→ **The input**
================

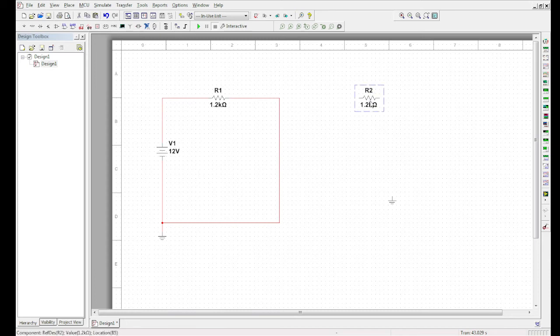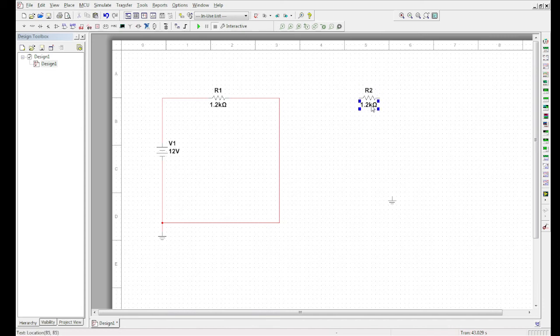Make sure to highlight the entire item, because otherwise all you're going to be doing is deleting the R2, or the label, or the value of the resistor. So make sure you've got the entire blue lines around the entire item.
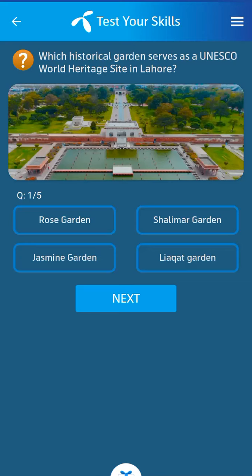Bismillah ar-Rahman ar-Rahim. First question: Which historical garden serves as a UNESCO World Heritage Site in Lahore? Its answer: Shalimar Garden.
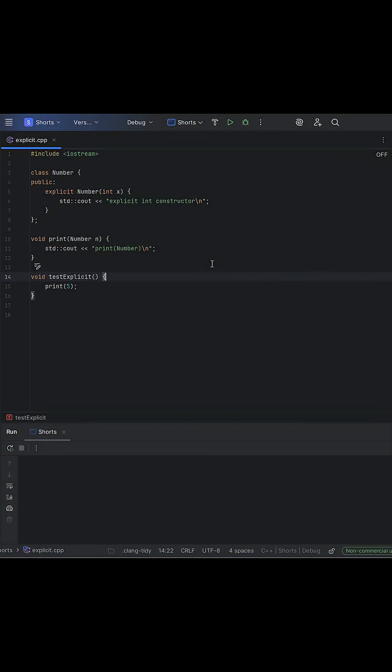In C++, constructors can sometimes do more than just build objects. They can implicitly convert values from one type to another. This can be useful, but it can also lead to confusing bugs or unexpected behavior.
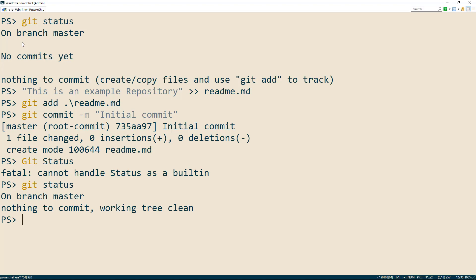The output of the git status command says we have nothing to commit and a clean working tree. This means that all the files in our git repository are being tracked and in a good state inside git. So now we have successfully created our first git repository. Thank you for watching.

================

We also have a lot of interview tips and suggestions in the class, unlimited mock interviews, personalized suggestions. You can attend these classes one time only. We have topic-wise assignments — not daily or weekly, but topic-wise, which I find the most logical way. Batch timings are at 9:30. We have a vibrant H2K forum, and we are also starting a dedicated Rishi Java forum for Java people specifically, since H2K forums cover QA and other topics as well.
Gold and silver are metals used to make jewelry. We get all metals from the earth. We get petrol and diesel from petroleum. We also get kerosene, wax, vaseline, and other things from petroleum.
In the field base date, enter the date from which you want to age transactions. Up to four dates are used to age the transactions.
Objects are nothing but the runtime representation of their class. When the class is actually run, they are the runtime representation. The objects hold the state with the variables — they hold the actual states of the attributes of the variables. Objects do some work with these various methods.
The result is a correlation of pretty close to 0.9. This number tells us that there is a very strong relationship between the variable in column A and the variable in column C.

================

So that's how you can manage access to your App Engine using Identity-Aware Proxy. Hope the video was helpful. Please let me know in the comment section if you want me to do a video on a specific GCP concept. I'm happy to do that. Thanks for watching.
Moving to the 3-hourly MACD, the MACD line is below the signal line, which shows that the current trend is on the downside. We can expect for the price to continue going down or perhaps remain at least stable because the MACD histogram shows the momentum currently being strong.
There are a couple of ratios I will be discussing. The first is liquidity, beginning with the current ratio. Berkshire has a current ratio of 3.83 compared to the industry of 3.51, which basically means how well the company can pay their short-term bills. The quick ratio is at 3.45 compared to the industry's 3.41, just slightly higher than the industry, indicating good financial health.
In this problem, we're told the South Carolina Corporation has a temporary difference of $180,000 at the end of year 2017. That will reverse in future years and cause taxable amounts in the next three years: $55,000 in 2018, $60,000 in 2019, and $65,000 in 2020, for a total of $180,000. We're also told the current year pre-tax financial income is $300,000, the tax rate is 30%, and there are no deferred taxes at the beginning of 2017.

================

→ **How to complete this task**
Could you restate, word for word, the lines above from the one with "Gold and silver" to the one with "The result is", both included?

→ **Exercise response**
Gold and silver are metals used to make jewelry. We get all metals from the earth. We get petrol and diesel from petroleum. We also get kerosene, wax, vaseline, and other things from petroleum.
In the field base date, enter the date from which you want to age transactions. Up to four dates are used to age the transactions.
Objects are nothing but the runtime representation of their class. When the class is actually run, they are the runtime representation. The objects hold the state with the variables — they hold the actual states of the attributes of the variables. Objects do some work with these various methods.
The result is a correlation of pretty close to 0.9. This number tells us that there is a very strong relationship between the variable in column A and the variable in column C.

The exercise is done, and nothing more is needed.